Stimulus dollars put youths on task
The program is placing "money into the pockets of the youth," according to Heather Shogry, Youth Director of the Berkshire County Regional Employment Board Inc., an organization that provides educational opportunities to both employers and employees in the Berkshires.
The primary focus is on "workplace readiness," or teaching youths discipline, responsibilities, and work ethic to show young people how to be successful employees.
The youths are at work at a variety of jobs, ranging from restaurant jobs to environmental projects.
At the South Berkshire Educational Collaborative, in association with Mount Everett Regional High School, kids are working at a fish hatchery under the direction of two environmental scientists.
At Hillcrest Educational Centers in Pittsfield, the jobs include receptionists and technician aides at a dentist's office.
Through the Adams Youth Center Inc., young people have been placed in various jobs -- from bussing to serving -- at restaurants.
In addition to those listed above, other organizations have received a share of the stimulus funds to provide jobs for youth: The Corporation for Public Management, and the Lenox and North Adams public schools.
The youth who were selected had to be income-eligible, meaning their families live at or below the poverty line. Their ages range from 14 to 24; they were placed in jobs based on their interests and what jobs were close to their homes. For some youths, their employment started in June and for others it started in July. Their terms of employment last 4 to 6 weeks.

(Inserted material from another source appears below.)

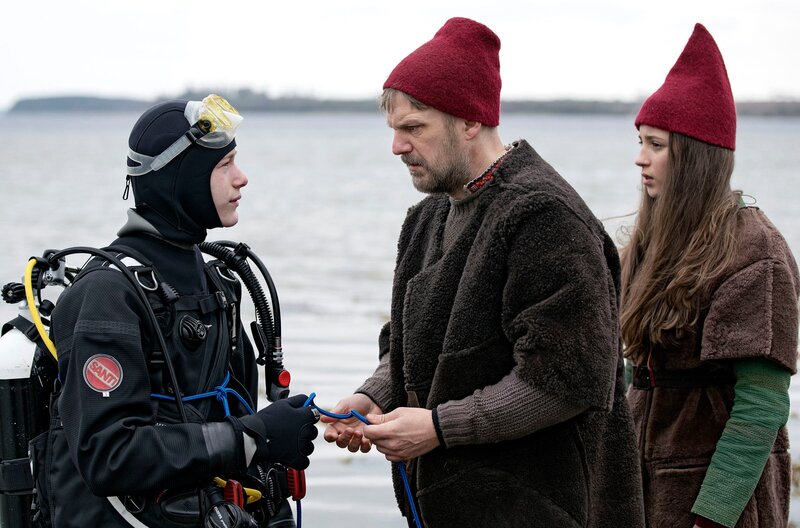 Lasse (Albert Rosin Harson), Storm (Troels Lyby) und Tinka (Josephine Chavarria Højbjerg). Weiteres Bildmaterial finden Sie unter www.br-foto.de. – Bild: MDR/​TV2/​Agnete Schlichtkrull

The federal stimulus money pays their wages. The program puts money into the hands of youth, builds their interest in becoming part of the workforce, and pumps money into the local economy, since the kids will spend their wages within the community.
The employers were chosen by the Regional Employment Board's Youth Council Proposal Committee.
The funds come from the federal American Recovery and Reinvestment Act, and then cascades through various offices starting with the U.S. Department of Labor, then the state Executive Office of Labor and Workforce Development, and the Workforce Investment Boards, before it's finally distributed to county organizations, such as the Berkshire County Regional Employment Board, and into the youths' paychecks.
There is little hope for another round of this federal stimulus funding next summer, but Shogry said there are other ongoing state-funded youth employment programs which have been in existence for multiple years.